Personally I don't think there's any hope that there will ever be
cross-table ctids links. Maybe one day there will be a major new table
storage format with very different capabilities than today but in the
current architecture it seems like an impossible leap.
How about making it work without a physical token dynamic? For instance, let the server recognize the serialization error but instead of returning it to the client the server itself tries again.
I would expect everyone to come to terms with the basic idea that
partition key updates are always going to be a corner case. The user
defined the partition key and the docs should carefully explain to
them the impact of that definition. As long as that explanation gives
them something they can work with and manage the consequences of
that's going to be fine.
What I'm concerned about is that silently giving "wrong" answers in
regular queries -- not even ones doing the partition key updates -- is
something the user can't really manage. They have no way to rewrite
the query to avoid the problem if some other user or part of their
system is updating partition keys. They have no way to know the
problem is even occurring.
Just to spell it out -- it's not just "no-op updates" where the user
sees 0 records updated. If I update all records where
username='stark', perhaps to set the "user banned" flag and get back
"9 records updated" and later find out that I missed a record because
someone changed the department_id while my query was running -- how
would I even know? How could I possibly rewrite my query to avoid
that?
But my point is that this isn't a regression from current behavior. If I deleted one of those starks and re-inserted them with a different department_id that brand new record wouldn't be banned. In short, my take on this patch is that it is a performance optimization. Making the UPDATE command actually work as part of its implementation detail is a happy byproduct.

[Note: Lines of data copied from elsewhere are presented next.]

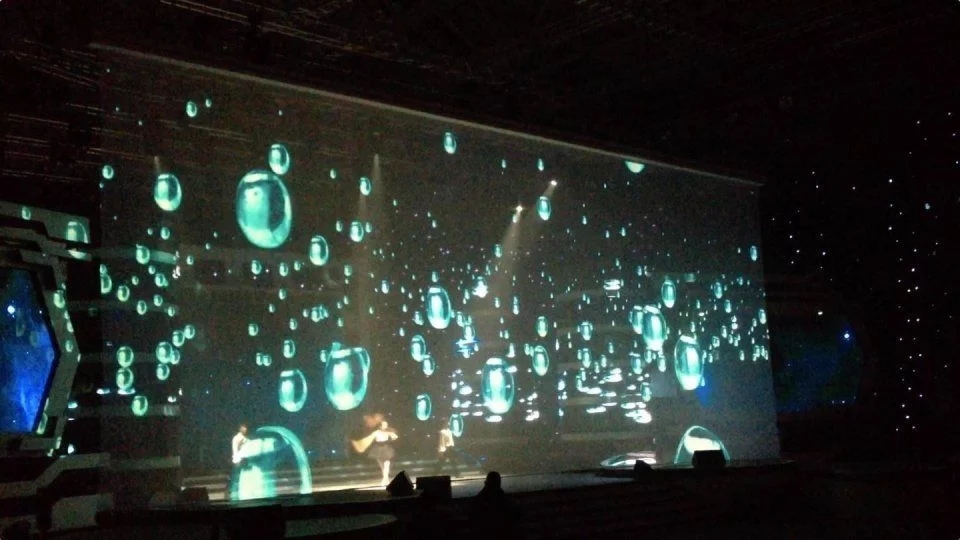 投影融合沉浸式顯示系統(tǒng) 投影融合沉浸式顯示系統(tǒng)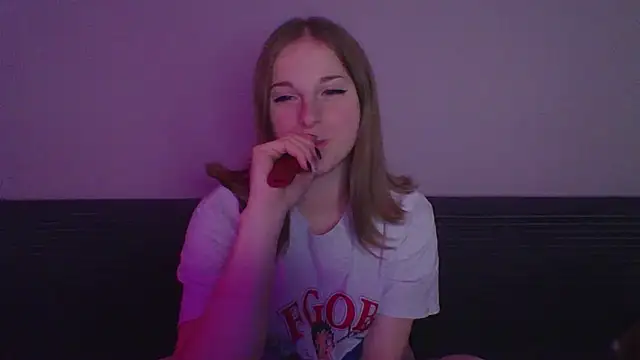 Star Girlish online show from 10.30.25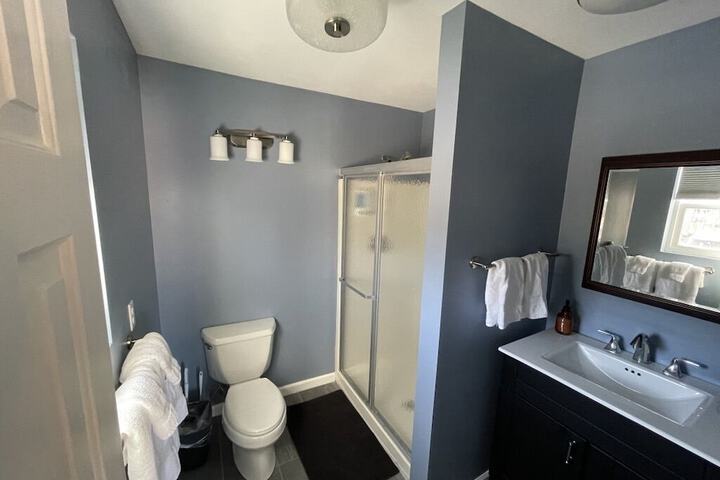 Room 10 of 11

From the POV of an external observer it doesn't have to matter whether the update or delete-insert SQL was used. It would be nice if the UPDATE version could keep logical identity maintained but that is a feature enhancement.
Failing if the other session used the UPDATE SQL isn't wrong; and I'm not against it, I just don't believe that it is better than maintaining the status quo semantics.
That said my concurrency-fu is not that strong and I don't really have a practical reason to prefer one over the other - thus I fall back on maintaining internal consistency.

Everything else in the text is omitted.